Jan Kubr

Posts Tagged ‘web design’

A book read: Don’t Make Me Think by Steve Krug

In Uncategorized on March 9, 2008 at 20:34

Yes, I’ve finished reading another book. And not today, but on Friday. I’ve heard about this before, but now I’m actually experiencing it: If you get into the habit, you can read one book a week and later probably more. I wonder how that can change your personality. Ryan Davis said at last year’s RubyConf that the average number of books read by people from the IT industry is one a year. So if you read one a month, you’re on 12 times the average. And if you read one a week..

I think reading broadens your view. Reading a lot broadens it a lot. Even if you can’t name all the things you found interesting in the book a few months later after reading it, I believe it is there somewhere in your mind and it not only influences you, but also will pop up when the situation is right.

Writing a summary like this helps me remembering the book even better and helps you decide whether you’re interested in reading the book yourself.

So. Don’t Make Me Think is a book about web usability. Mostly usability of web sites, rather than web applications, but still pretty useful for webapp developers as well.
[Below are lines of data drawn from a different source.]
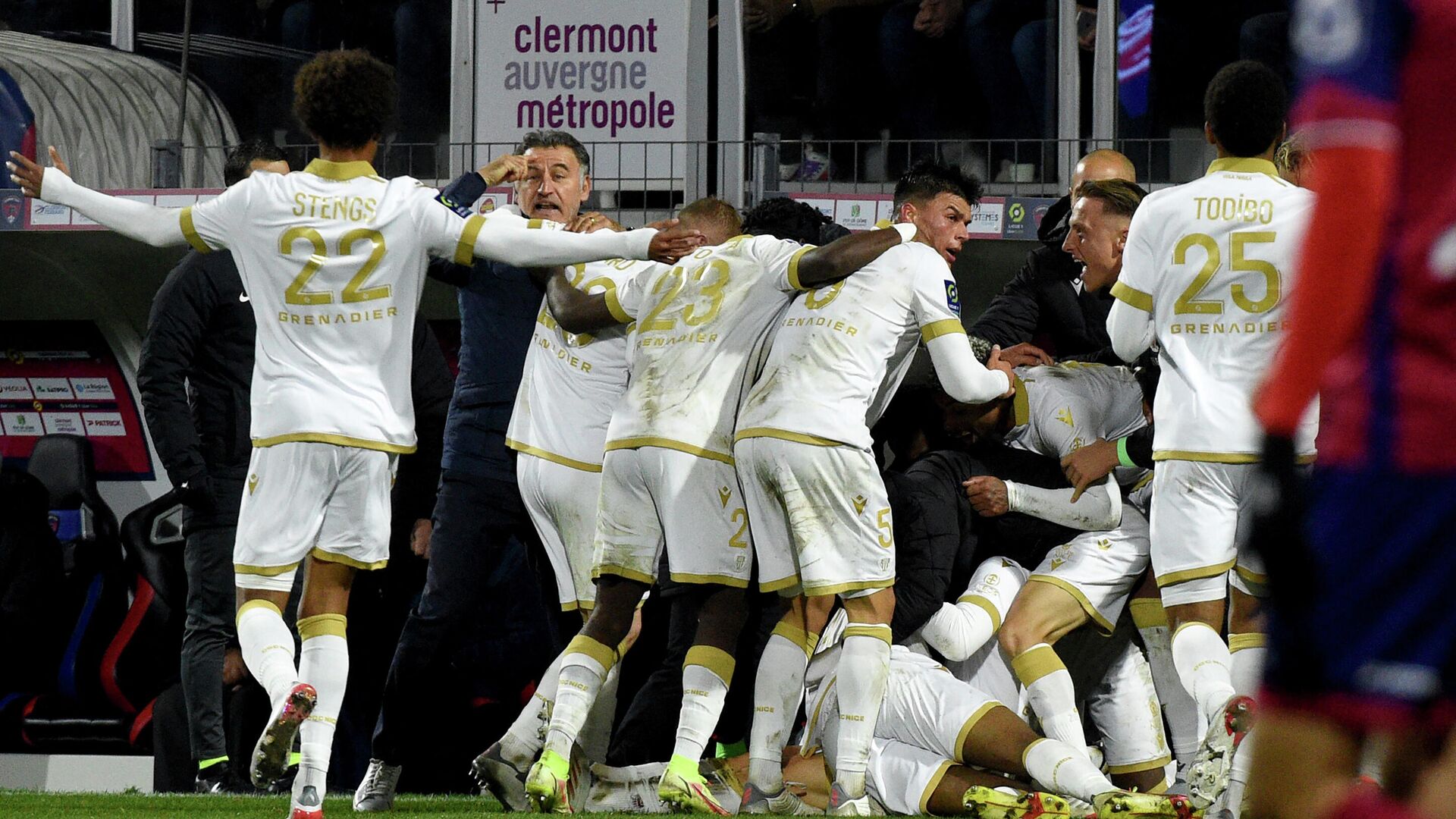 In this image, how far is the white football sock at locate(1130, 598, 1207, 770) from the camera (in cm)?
527

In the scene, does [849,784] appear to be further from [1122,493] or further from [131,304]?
[131,304]

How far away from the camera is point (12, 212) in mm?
6559

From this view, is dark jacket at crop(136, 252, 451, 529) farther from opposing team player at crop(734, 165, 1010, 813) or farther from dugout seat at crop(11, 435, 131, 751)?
dugout seat at crop(11, 435, 131, 751)

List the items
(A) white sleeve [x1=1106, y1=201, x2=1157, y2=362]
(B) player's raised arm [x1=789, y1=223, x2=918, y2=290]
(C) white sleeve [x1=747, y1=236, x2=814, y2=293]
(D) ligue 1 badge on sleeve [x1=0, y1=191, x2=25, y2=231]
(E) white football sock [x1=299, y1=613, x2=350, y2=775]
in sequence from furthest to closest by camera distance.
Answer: (D) ligue 1 badge on sleeve [x1=0, y1=191, x2=25, y2=231] → (C) white sleeve [x1=747, y1=236, x2=814, y2=293] → (B) player's raised arm [x1=789, y1=223, x2=918, y2=290] → (A) white sleeve [x1=1106, y1=201, x2=1157, y2=362] → (E) white football sock [x1=299, y1=613, x2=350, y2=775]

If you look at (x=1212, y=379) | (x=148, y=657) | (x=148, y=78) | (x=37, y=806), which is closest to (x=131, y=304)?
(x=148, y=78)

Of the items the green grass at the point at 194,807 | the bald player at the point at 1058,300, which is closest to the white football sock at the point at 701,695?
the green grass at the point at 194,807

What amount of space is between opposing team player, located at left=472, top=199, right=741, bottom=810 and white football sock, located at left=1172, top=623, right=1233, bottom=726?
170 cm

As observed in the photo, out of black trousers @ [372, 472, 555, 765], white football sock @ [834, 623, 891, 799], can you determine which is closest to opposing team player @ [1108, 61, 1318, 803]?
white football sock @ [834, 623, 891, 799]

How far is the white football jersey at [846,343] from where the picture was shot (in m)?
4.73

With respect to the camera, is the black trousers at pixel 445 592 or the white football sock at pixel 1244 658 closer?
the white football sock at pixel 1244 658

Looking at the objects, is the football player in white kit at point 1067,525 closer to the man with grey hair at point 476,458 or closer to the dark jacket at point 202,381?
the man with grey hair at point 476,458

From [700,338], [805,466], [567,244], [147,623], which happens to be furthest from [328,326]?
[147,623]

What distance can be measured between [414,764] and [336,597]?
225cm

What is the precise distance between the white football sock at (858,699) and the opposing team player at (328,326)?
1195 mm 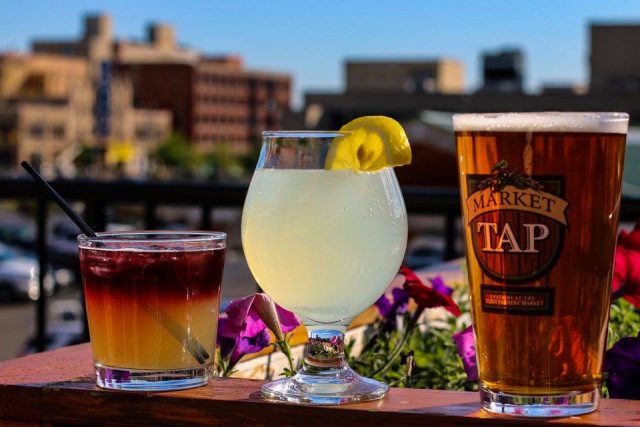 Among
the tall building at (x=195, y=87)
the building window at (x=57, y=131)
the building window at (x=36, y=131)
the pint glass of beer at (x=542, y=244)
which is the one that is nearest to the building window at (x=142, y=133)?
the tall building at (x=195, y=87)

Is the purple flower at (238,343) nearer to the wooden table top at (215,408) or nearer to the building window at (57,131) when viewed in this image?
the wooden table top at (215,408)

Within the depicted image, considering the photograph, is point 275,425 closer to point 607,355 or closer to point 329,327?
point 329,327

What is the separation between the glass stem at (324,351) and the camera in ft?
3.91

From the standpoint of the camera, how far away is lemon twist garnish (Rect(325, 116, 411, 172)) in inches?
47.1

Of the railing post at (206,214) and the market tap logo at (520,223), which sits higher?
the market tap logo at (520,223)

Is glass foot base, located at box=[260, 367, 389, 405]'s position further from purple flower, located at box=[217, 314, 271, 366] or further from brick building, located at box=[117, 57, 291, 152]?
brick building, located at box=[117, 57, 291, 152]

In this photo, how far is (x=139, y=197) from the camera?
3803 millimetres

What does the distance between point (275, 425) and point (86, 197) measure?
2698 mm

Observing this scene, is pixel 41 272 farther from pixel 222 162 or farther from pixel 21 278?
pixel 222 162

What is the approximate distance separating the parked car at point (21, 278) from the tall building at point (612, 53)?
2327 centimetres

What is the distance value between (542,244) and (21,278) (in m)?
44.7

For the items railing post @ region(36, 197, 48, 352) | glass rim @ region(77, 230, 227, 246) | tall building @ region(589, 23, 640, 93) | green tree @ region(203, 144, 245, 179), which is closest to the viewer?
glass rim @ region(77, 230, 227, 246)

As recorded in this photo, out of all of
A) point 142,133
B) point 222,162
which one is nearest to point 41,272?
point 222,162

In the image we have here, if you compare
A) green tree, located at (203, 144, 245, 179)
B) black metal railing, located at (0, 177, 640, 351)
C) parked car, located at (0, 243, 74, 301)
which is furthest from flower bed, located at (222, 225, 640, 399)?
green tree, located at (203, 144, 245, 179) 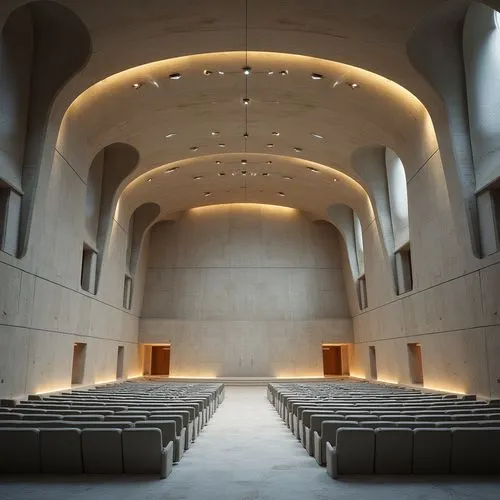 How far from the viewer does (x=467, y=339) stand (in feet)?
39.3

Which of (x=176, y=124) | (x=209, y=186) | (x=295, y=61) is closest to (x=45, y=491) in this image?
(x=295, y=61)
Since the author preaches the “common sense approach,” the advices are pretty simple:

  1. General advice: Don’t make people need to figure out what you meant by things on your page. Make it obvious (not dumb). The experts will appreciate it as well.
  2. We don’t carefully read everything on the web page. We scan it and click whatever first seems to get us where we want.
  3. Don’t force people make complicated decisions. They are OK with taking more steps if deciding on each is easy.
  4. Don’t have too much text on your page, especially if the text is not necessary (“Welcome to this page!” kind of thing or lengthy instructions).
  5. Navigation should show on which page I am, how can I get to the homepage, in what section I am, and where can I search. Steve is a bit sceptical about using breadcrumbs (a series of links showing how you got to the section you’re currently at) and so am I.
  6. Homepages should answer four questions: “What is this?”, “What can I do here?”, “What do they have here?”, and “Why should I be here – and not somewhere else?”.
  7. Usability testing is neither complicated nor expensive.

I think especially the part where Steve shows how to do usability testing very effectively and cheaply is very interesting. He is planning a whole book on this topic, so that one should be great as well. Btw there’s a lot of tips for further reading in the book, too.

A book read: Defensive Design for the Web

In Uncategorized on January 22, 2008 at 21:56

This is a terrible book. After you read it, you’ll feel lousy, lose your self-confidence, and make your to-do list longer than ever. In other words, this book is very useful and contains some great tips.

The authors of the book suggest that you plan for situations when things go wrong on your site. That you should care about the user’s experience even (especially?) in crisis situations. If things go wrong (and it’s far from “they never do”), it is an unpleasant situation for the user, but you have a great chance to show him the way out and make her happy again.

The structure of the book is very simple and straightforward. Each of eight (main) chapters talks about a specific aspect of (almost) every website and contains a few guidelines on what the most common mistakes are and how to correct them. Each guideline is accompanied by examples of site that follow the guideline and those that don’t. These chapters talk about:

  1. Displaying obvious error messages and alerts
  2. Providing clear instructions
  3. Creating friendly forms that are easy to complete
  4. Overcoming missing pages, images, or plug-ins
  5. Offering help that’s actually helpful
  6. Eliminating obstacles to conversion (e.g. unnecessary ads, registration, navigation etc.)
  7. Delivering the rights results with smart search engine assistance
  8. Making sure unavailable items don’t become dead ends

If you don’t feel bad enough after all this, you have the chance to take a Contingency Design Test in the next chapter which will help you evaluate your site. If just by any chance it doesn’t turn out that good, the next chapter contains some great tips on how to make “error recovery and prevention part of your long term design process.”

And this book is even a quick read! Recommended.